Easy enough, right? Uh, no. There was no room to grab onto the sides of the bundt pan inside the stock pot, and we found it nearly impossible to reach into the center of the bundt to grab the pan and lift it out due to the heat. And believe us when we say we have the blisters to show that we tried. We used potholders, tongs, and spoons -- nothing worked. We wondered if we should we leave it in the pan until the water cooled enough that we could grab it with our hands? It had already steamed for two hours and we were concerned about letting it stay in the pan much longer. So we had an idea: We anxiously lifted off the foil to see what we had wrought, and were pleasantly surprised to find that it was beautiful. The surface of the pudding was slightly discolored in places from where it hadn't quite cooked evenly, but it was firm all over. Honestly, we were just happy that it was intact. This was made a few days prior to our serving it. We made the creme anglaise at the same time and stashed it in our fridge for a few days.

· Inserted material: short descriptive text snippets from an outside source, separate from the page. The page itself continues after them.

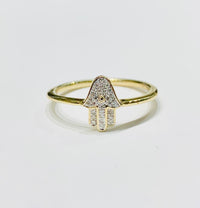 Hamsa diamond ring (14K).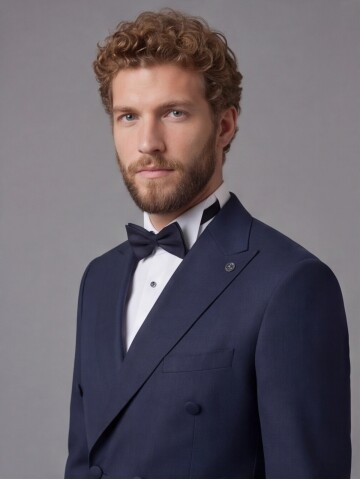 Navy Blue Peak Lapel Double-Breasted Blazer & Beige Trousers Combination Suit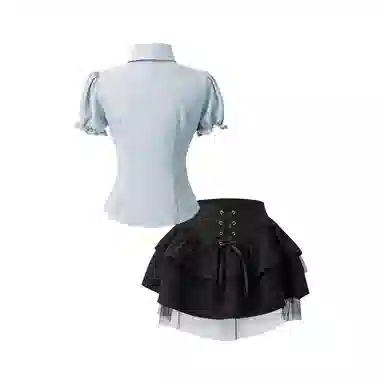 花山家的猫 纯色尖领单排扣合身短款短袖衬衫短款高腰百褶裙制服套装 女款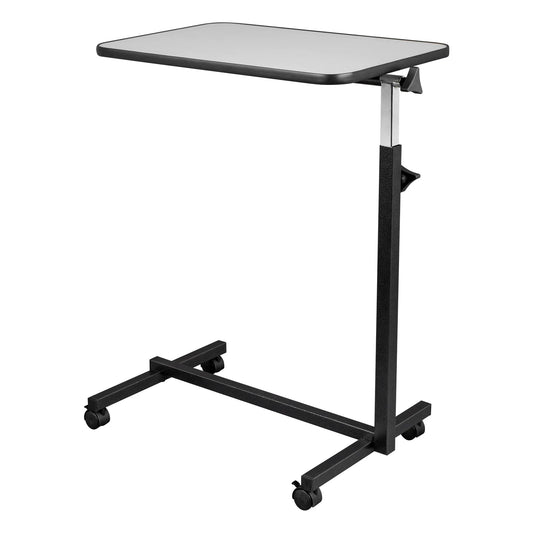 Ktaxon Adjustable Overbed Bedside Table with Wheels, Gray (Hospital and Home Use)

On the day we planned to eat the pudding, we made and applied the apricot glaze that morning, which is really just an apricot jam that's been thinned. Rather than pour the glaze onto the plate, as pictured in Bon Appétit (below), we served the glaze on the side, allowing guests to add as little or as much as they wanted. In all honesty, we were really proud of this dessert. It was so different and beautiful and the cinnamon anglaise was delicious on top of the sweet persimmon pudding. Would we make it again? Probably not, but we're really glad we did it this once.
That's right -- we punched a hole in the aluminum foil and grabbed the inner edge of the bundt pan with pliers, lifting it out to safety.
After it had cooled, we slide a knife around the edges, and inverted it.
More Thanksgiving Suggestions From The Bitten Word >>
Steamed Persimmon Pudding with Cinnamon Crème Anglaise
Bon Appétit (November 2009)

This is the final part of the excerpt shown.